How did you go about developing an Action Plan for Main North Road?
“The task is really to transfer economic development principles to a low amenity corridor. At the start it was a matter of getting right down in the detail, looking at each street block of properties to identify the current land uses, identify the existing and potential clusters that can attract investments and even to identify individual owners capable of creating these new investment clusters. It’s essentially understanding what you have so that you can match property investment opportunities and willing sellers with potential investors; then link this with capital works spending on the public realm to make meaningful improvements over time.
Public investment in Churchill Road, Walkerville Terrace and Prospect Road has resulted in private investment many times greater when targeted in this way. The end result is that we created – with the City of Prospect and the City of Walkerville – an Investment Attraction Strategy and an Action Plan that will be pursued through their Economic Development teams, matching and promoting willing seller and investor opportunities in the best locations on these roads.”
What would you consider to be the measures of success for these roads in the future?

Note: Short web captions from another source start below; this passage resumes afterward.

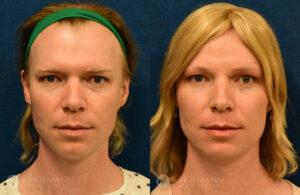 facial-feminization-ffs-patient-1-5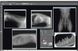 CR 7 Vet Image Plate X-ray Scanner, Software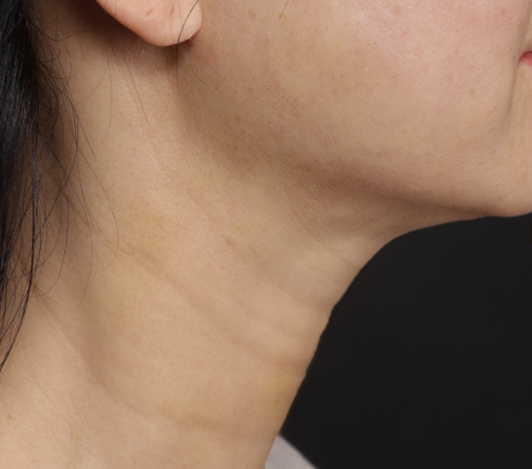 목주름 시술 후 사진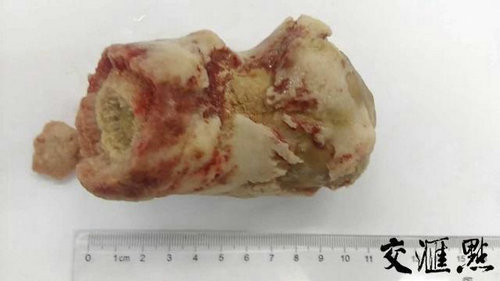 连云港一男子 膀胱 内 取出 一整块 2斤 重 结石  惊呆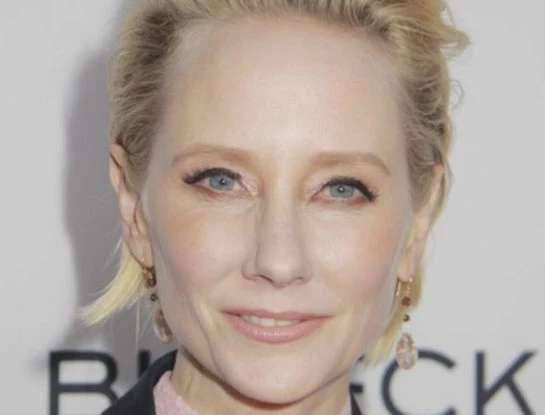 Así se veía Anne Heche antes del choque que la dejó en estado crítico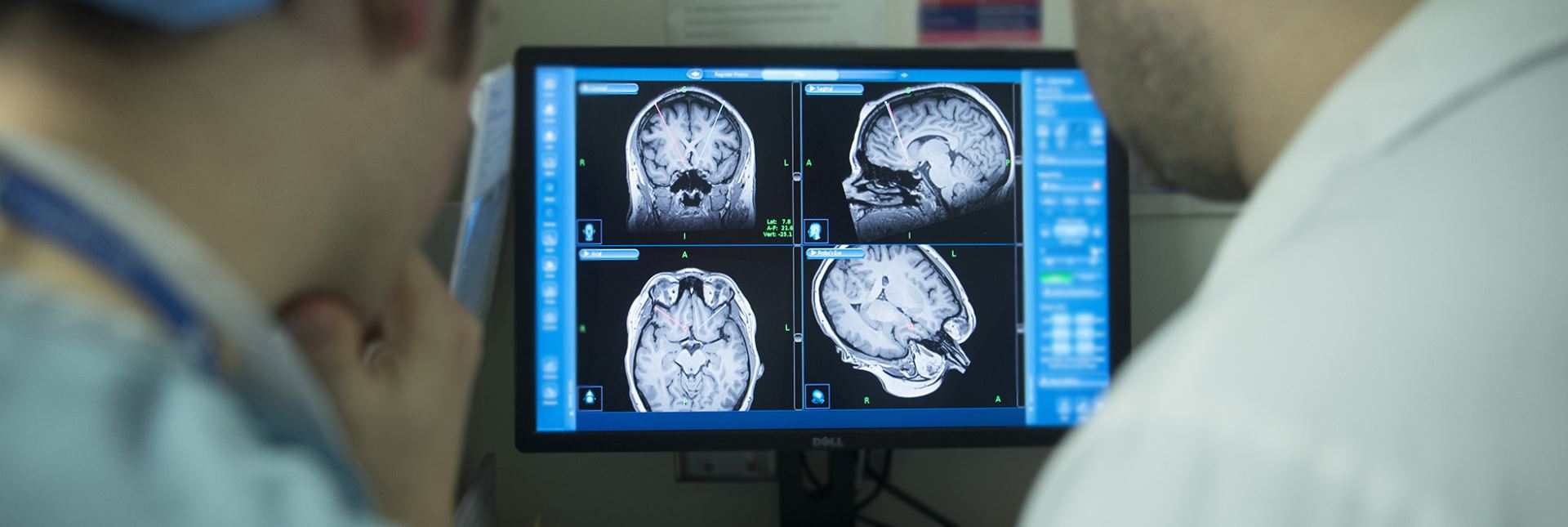 Clinicians view a monitor with a brain scan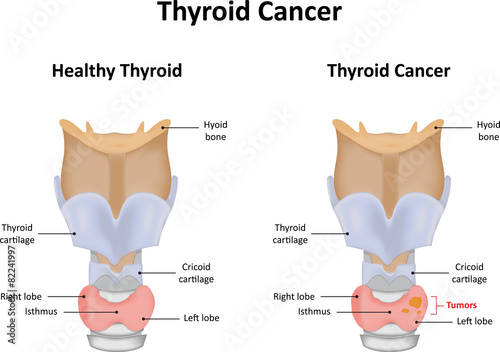 Thyroid Cancer photo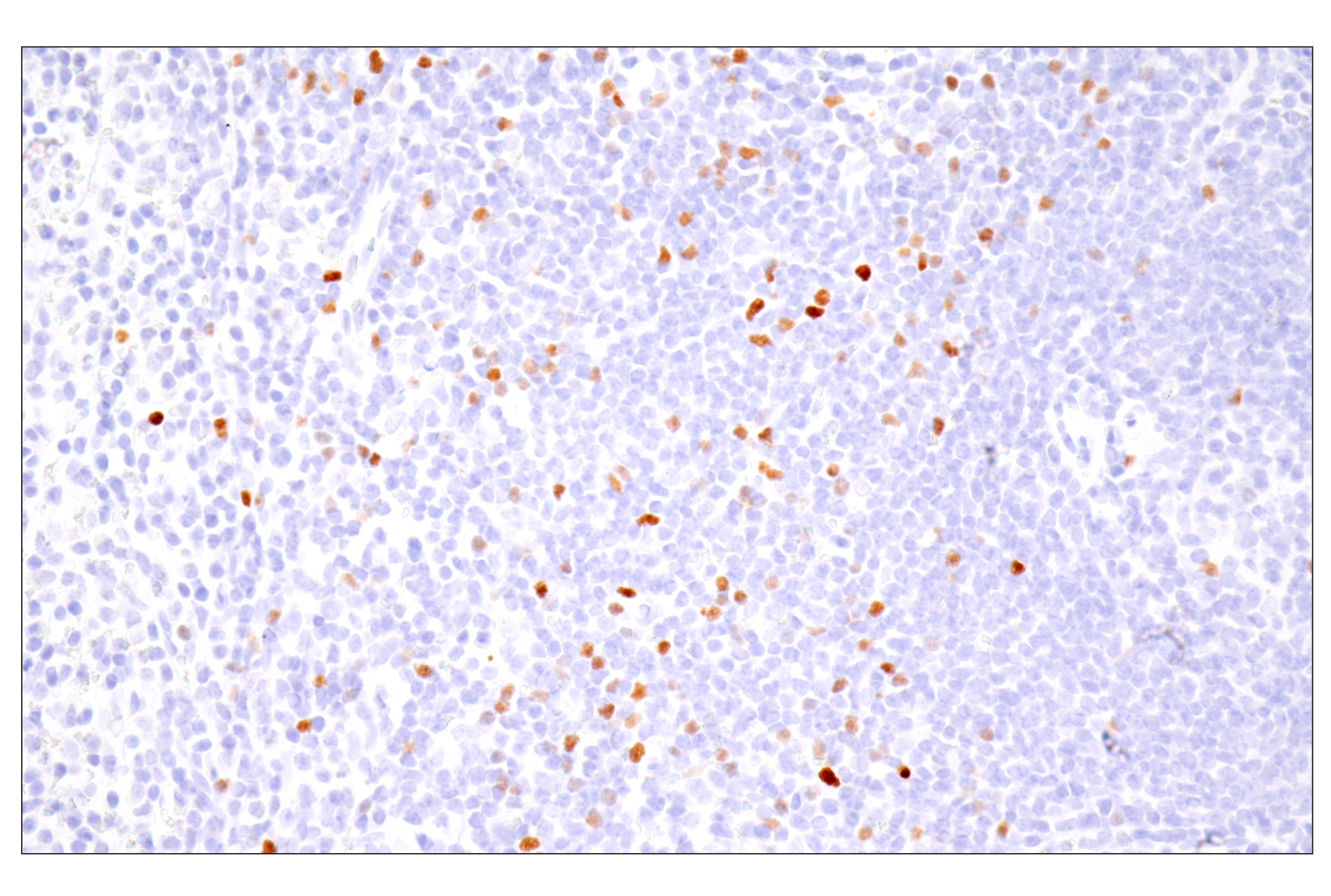 Immunohistochemistry Image 6: FoxP3 (D6O8R) Rabbit mAb (BSA and Azide Free)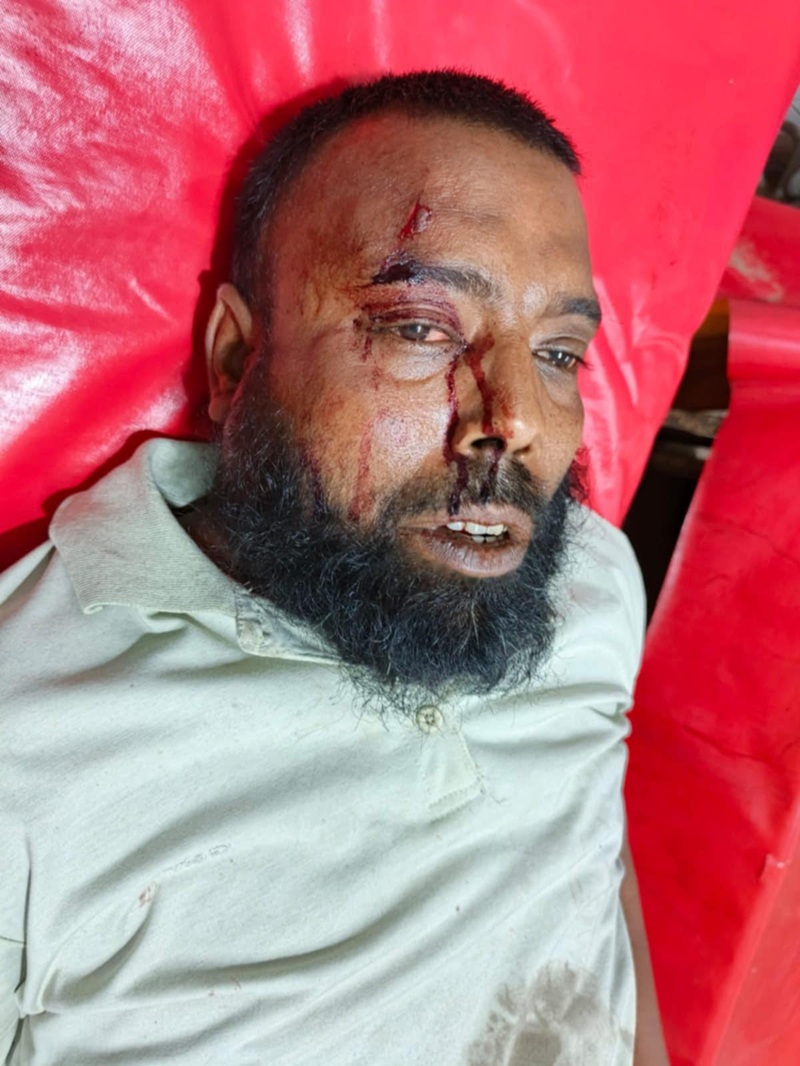 লক্ষ্মীপুরে অসহায় ব্যক্তিকে খাবার দেওয়ায় দম্পতির ওপর হামলা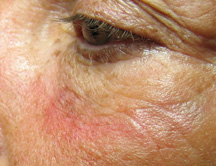 Immediately after one Restylane treatment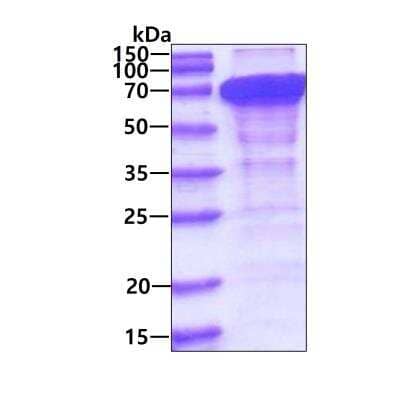 SDS-PAGE: Recombinant Human Cornulin His Protein [NBP1-41224]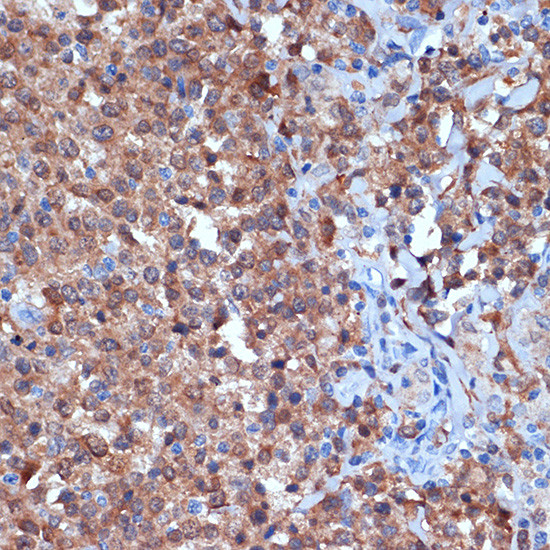 PKC delta Antibody in Immunohistochemistry (Paraffin) (IHC (P))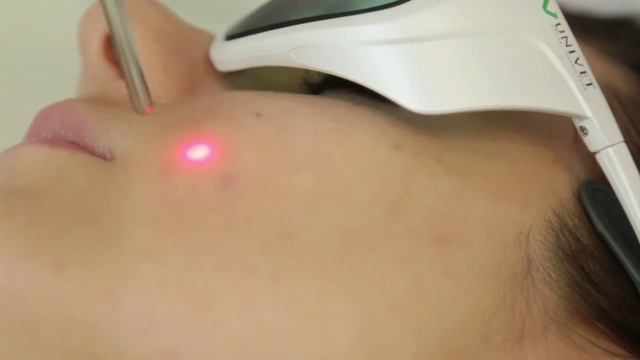 НОВЫЕ ЛАЗЕРНЫЕ ТЕХНОЛОГИИ!!! смотреть онлайн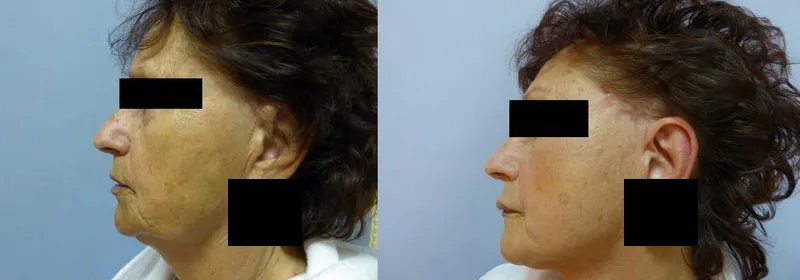 Ліфтинг обличчя (Ритидектомія) – результат 2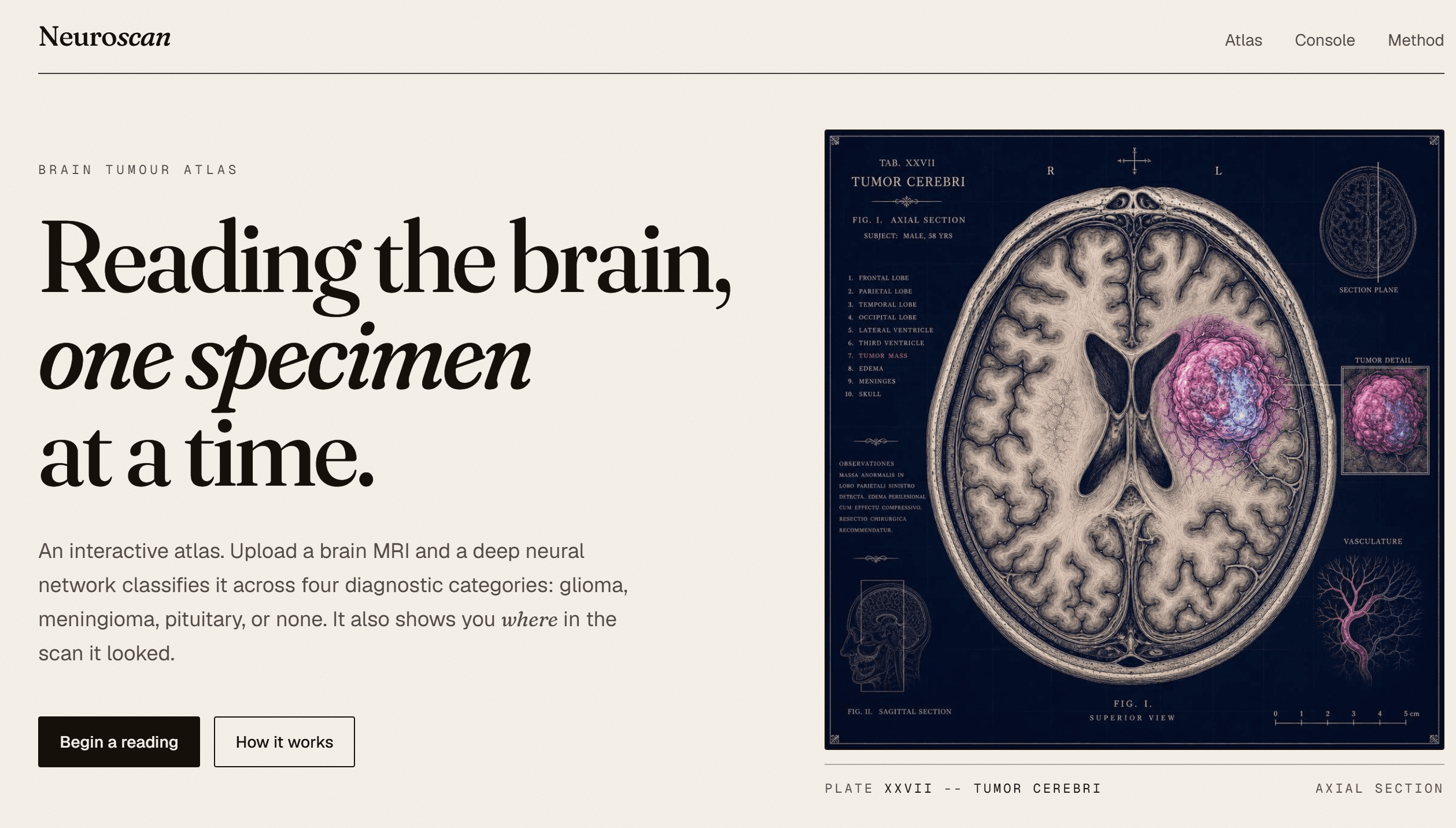 NeuroScan project screenshot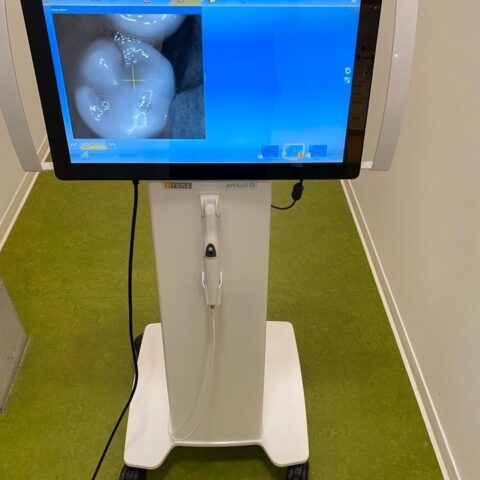 Sirona Apollo DI Intra Oral Scanner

“It can be tough challenge to convert arterial roads into modern main streets, and clearly these are long term initiatives for the Councils involved so it would be unrealistic to expect quick wins. If the Councils can use this as an opportunity to expand their rate base, take advantage of new economies such as health and defence to create new nodes or clusters, and make improvements to the public realm that are underpinned by private investment, they will end up with main roads that are perceived as assets to the surrounding communities. The measures of success will be a better looking street with clusters of similar higher density ‘new economy’ uses, used more by the locals, with property values appreciating more quickly. These measures can be seen ‘on the ground’ in Jensen PLUS’ work at Goodwood Road, Prospect Road and Churchill Road.”